(Records to use)
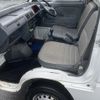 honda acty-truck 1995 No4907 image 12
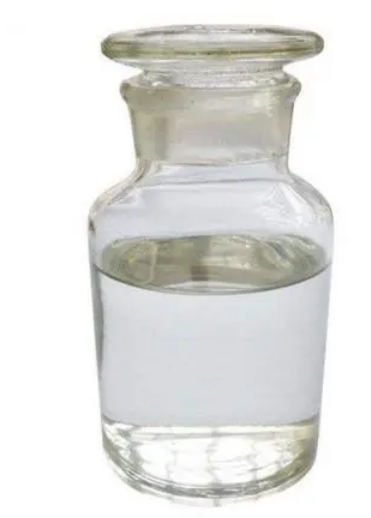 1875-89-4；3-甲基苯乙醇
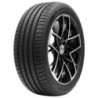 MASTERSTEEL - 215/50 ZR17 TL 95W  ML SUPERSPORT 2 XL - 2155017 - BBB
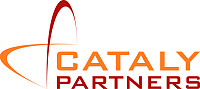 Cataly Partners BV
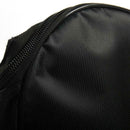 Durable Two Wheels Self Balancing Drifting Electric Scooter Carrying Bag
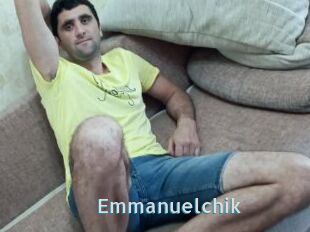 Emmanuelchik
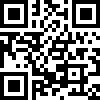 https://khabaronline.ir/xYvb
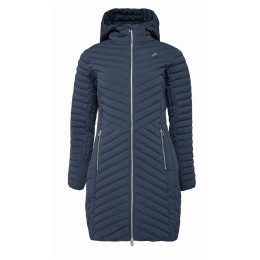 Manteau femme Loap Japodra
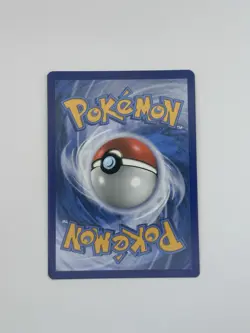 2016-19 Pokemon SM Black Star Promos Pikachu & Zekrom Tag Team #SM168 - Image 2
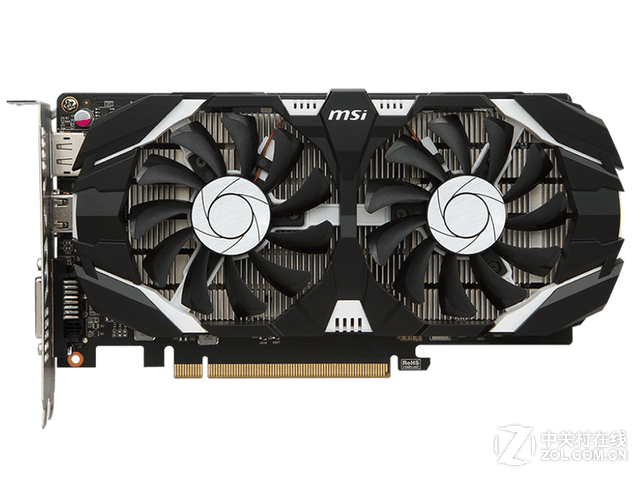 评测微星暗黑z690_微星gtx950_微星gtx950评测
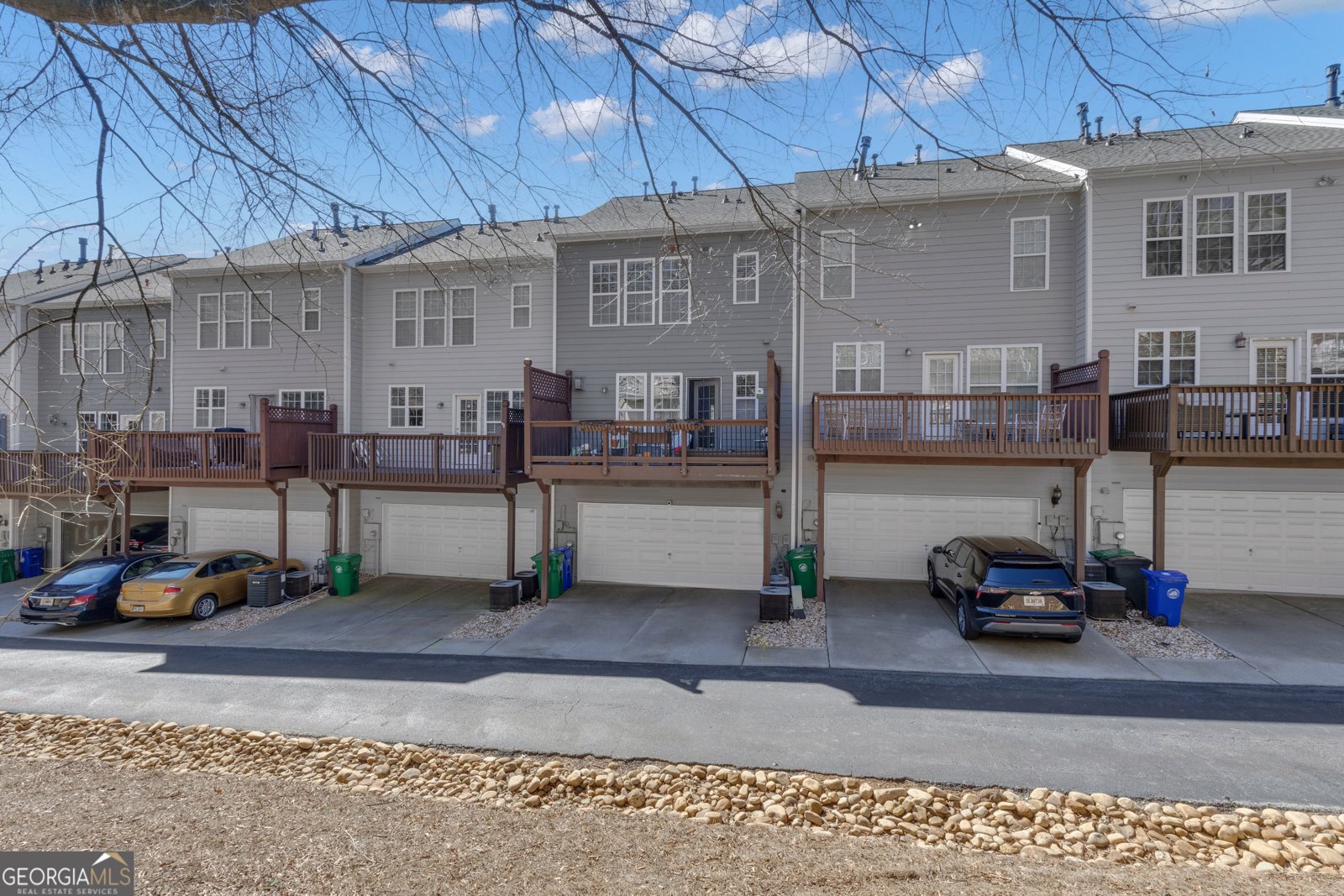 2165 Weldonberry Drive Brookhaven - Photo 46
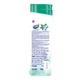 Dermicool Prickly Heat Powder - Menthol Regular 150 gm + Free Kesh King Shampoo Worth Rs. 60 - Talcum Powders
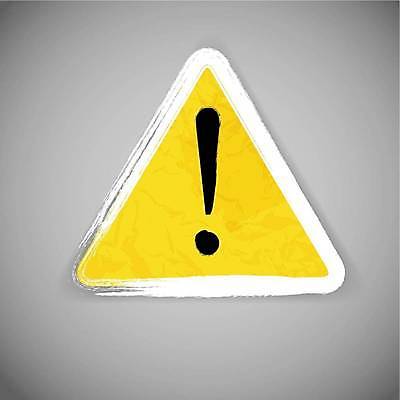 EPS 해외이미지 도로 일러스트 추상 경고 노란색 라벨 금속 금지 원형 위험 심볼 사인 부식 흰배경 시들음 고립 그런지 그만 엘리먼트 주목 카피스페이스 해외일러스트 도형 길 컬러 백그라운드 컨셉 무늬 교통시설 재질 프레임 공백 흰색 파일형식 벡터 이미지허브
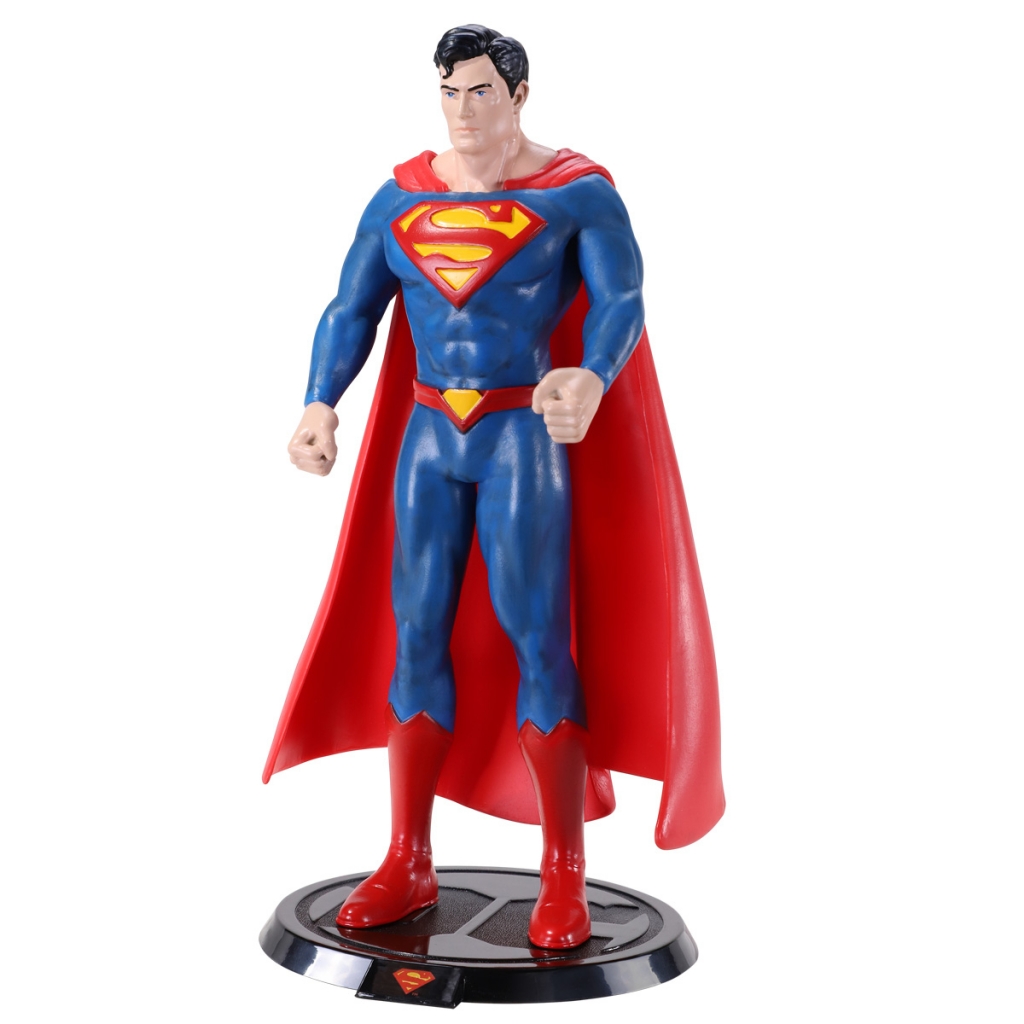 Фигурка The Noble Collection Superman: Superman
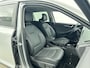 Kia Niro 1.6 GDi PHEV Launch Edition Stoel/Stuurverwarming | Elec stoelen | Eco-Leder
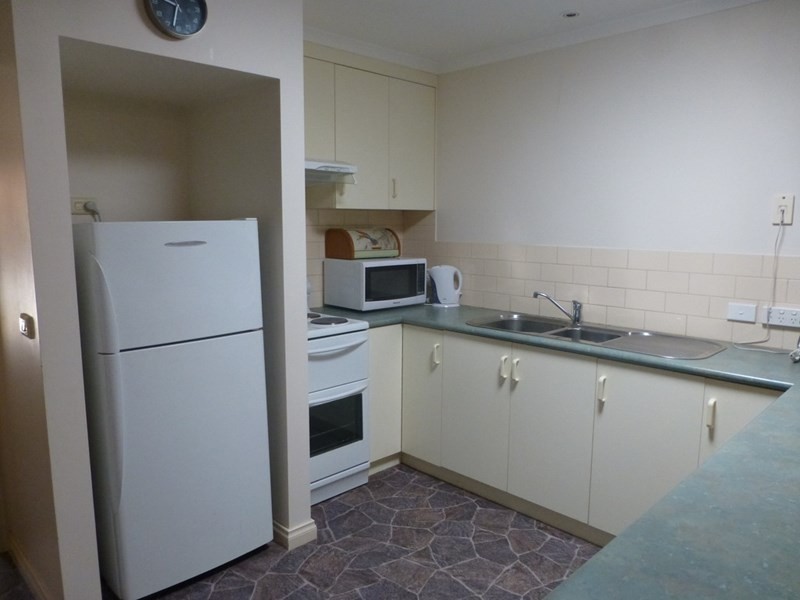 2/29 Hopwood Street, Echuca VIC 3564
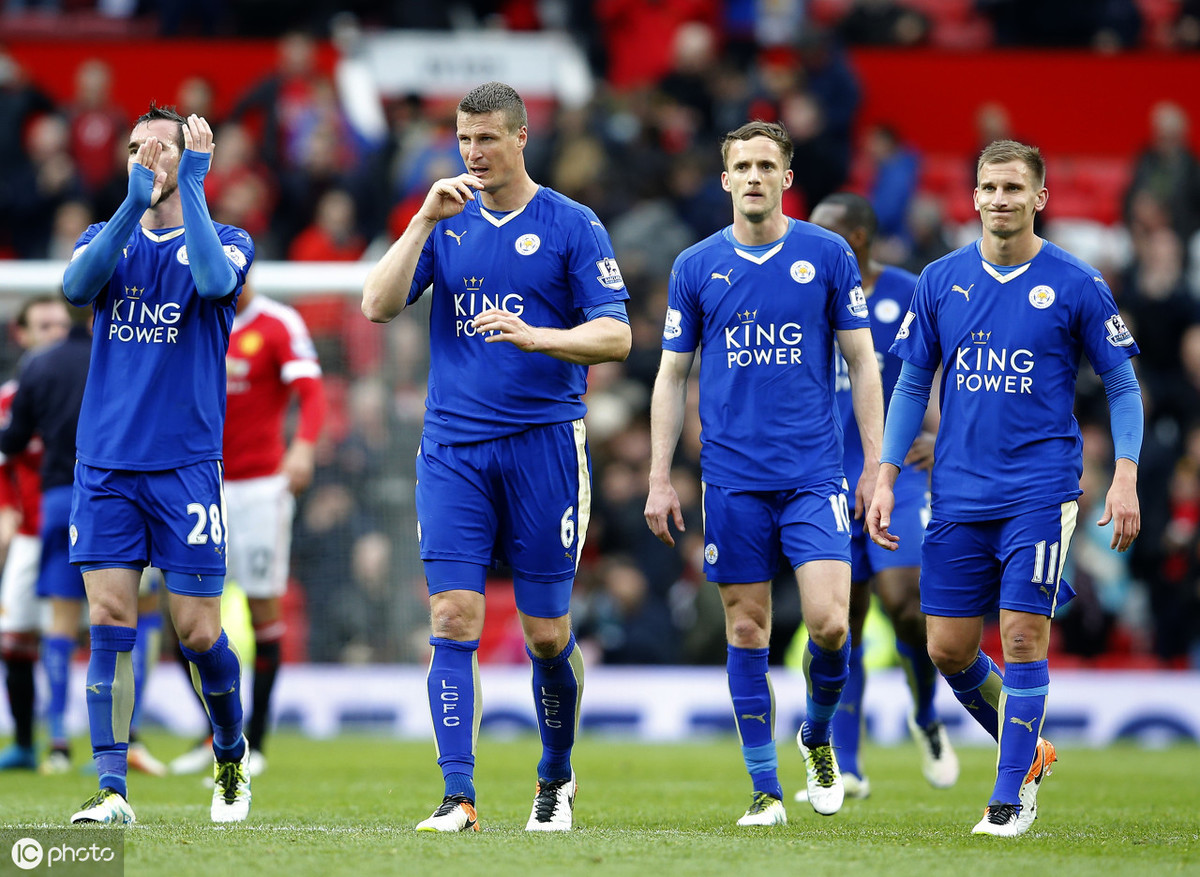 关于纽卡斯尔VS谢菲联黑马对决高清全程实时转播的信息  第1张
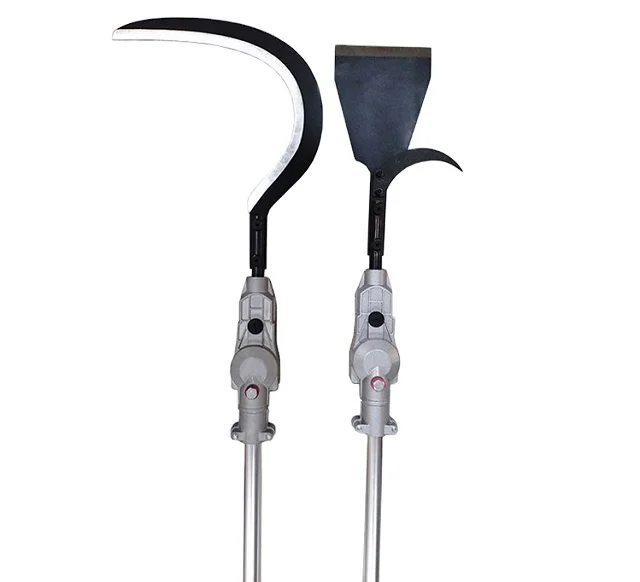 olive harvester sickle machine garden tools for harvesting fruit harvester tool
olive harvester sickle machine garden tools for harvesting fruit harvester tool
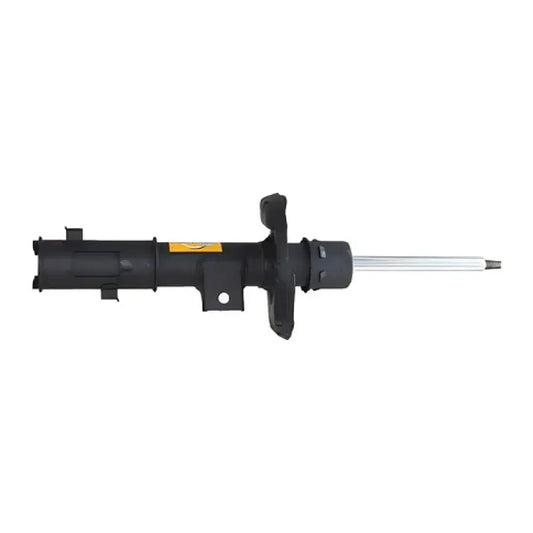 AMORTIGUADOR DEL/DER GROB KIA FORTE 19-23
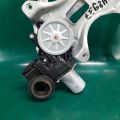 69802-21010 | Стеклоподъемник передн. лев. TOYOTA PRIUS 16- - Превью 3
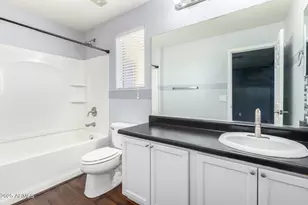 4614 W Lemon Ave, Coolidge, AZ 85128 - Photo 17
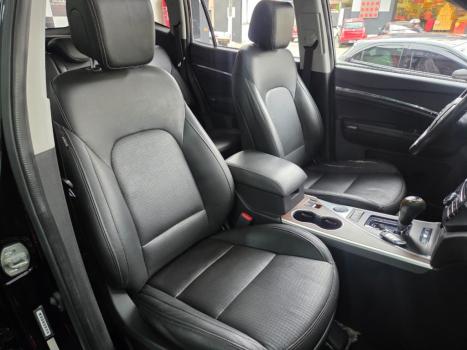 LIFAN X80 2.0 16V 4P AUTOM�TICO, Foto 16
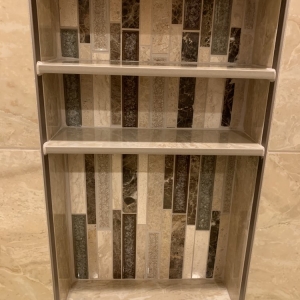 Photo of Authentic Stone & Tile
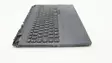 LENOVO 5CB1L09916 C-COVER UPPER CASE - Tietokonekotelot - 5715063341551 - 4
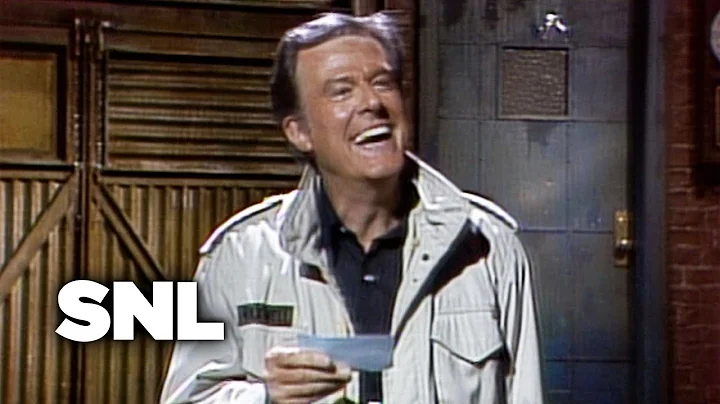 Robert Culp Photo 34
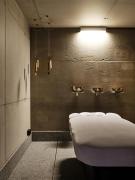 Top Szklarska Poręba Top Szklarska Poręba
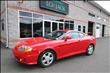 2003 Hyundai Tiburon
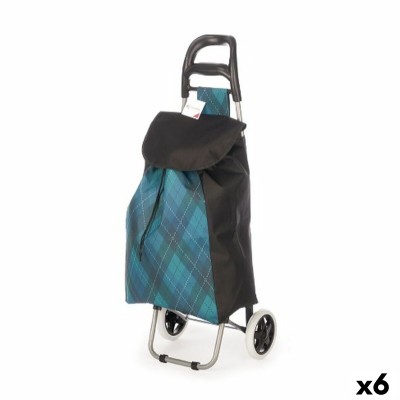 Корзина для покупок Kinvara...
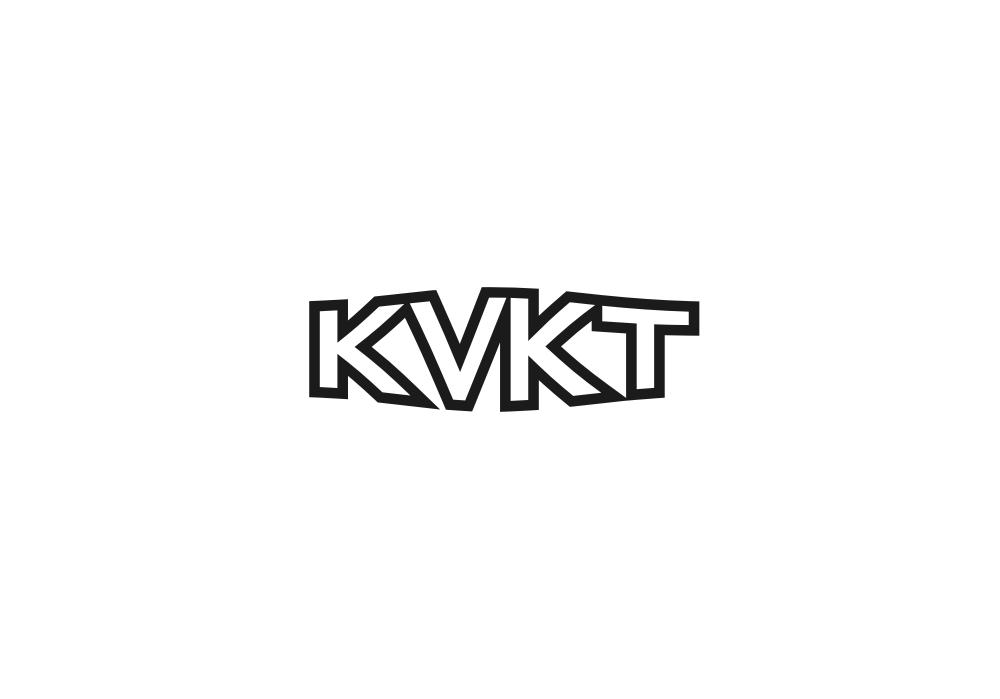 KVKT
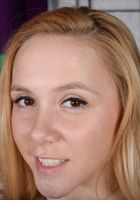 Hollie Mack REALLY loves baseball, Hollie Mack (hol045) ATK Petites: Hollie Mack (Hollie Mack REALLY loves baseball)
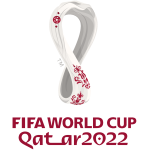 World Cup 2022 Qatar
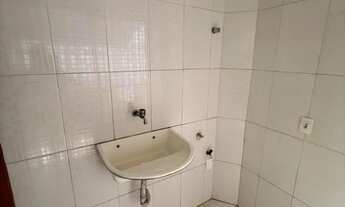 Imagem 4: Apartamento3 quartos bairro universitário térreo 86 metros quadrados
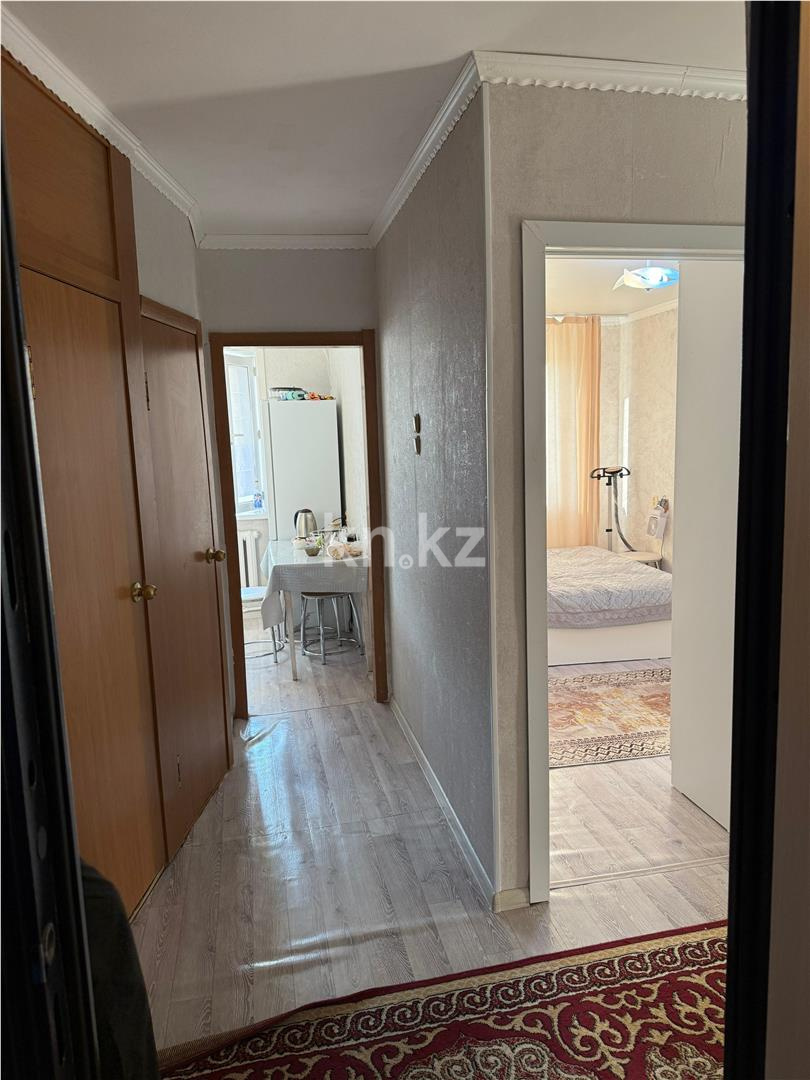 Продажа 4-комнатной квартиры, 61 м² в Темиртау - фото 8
(End Records to use)
*What you are asked to do*: Could you reproduce every entry exactly, leaving out the pictures?

*Solution to the problem*:
 honda acty-truck 1995 No4907 image 12
 1875-89-4；3-甲基苯乙醇
 MASTERSTEEL - 215/50 ZR17 TL 95W  ML SUPERSPORT 2 XL - 2155017 - BBB
 Cataly Partners BV
 Durable Two Wheels Self Balancing Drifting Electric Scooter Carrying Bag
 Emmanuelchik
 https://khabaronline.ir/xYvb
 Manteau femme Loap Japodra
 2016-19 Pokemon SM Black Star Promos Pikachu & Zekrom Tag Team #SM168 - Image 2
 评测微星暗黑z690_微星gtx950_微星gtx950评测
 2165 Weldonberry Drive Brookhaven - Photo 46
 Dermicool Prickly Heat Powder - Menthol Regular 150 gm + Free Kesh King Shampoo Worth Rs. 60 - Talcum Powders
 EPS 해외이미지 도로 일러스트 추상 경고 노란색 라벨 금속 금지 원형 위험 심볼 사인 부식 흰배경 시들음 고립 그런지 그만 엘리먼트 주목 카피스페이스 해외일러스트 도형 길 컬러 백그라운드 컨셉 무늬 교통시설 재질 프레임 공백 흰색 파일형식 벡터 이미지허브
 Фигурка The Noble Collection Superman: Superman
 Kia Niro 1.6 GDi PHEV Launch Edition Stoel/Stuurverwarming | Elec stoelen | Eco-Leder
 2/29 Hopwood Street, Echuca VIC 3564
 关于纽卡斯尔VS谢菲联黑马对决高清全程实时转播的信息  第1张
 olive harvester sickle machine garden tools for harvesting fruit harvester tool
olive harvester sickle machine garden tools for harvesting fruit harvester tool
 AMORTIGUADOR DEL/DER GROB KIA FORTE 19-23
 69802-21010 | Стеклоподъемник передн. лев. TOYOTA PRIUS 16- - Превью 3
 4614 W Lemon Ave, Coolidge, AZ 85128 - Photo 17
 LIFAN X80 2.0 16V 4P AUTOM�TICO, Foto 16
 Photo of Authentic Stone & Tile
 LENOVO 5CB1L09916 C-COVER UPPER CASE - Tietokonekotelot - 5715063341551 - 4
 Robert Culp Photo 34
 Top Szklarska Poręba Top Szklarska Poręba
 2003 Hyundai Tiburon
 Корзина для покупок Kinvara...
 KVKT
 Hollie Mack REALLY loves baseball, Hollie Mack (hol045) ATK Petites: Hollie Mack (Hollie Mack REALLY loves baseball)
 World Cup 2022 Qatar
 Imagem 4: Apartamento3 quartos bairro universitário térreo 86 metros quadrados
 Продажа 4-комнатной квартиры, 61 м² в Темиртау - фото 8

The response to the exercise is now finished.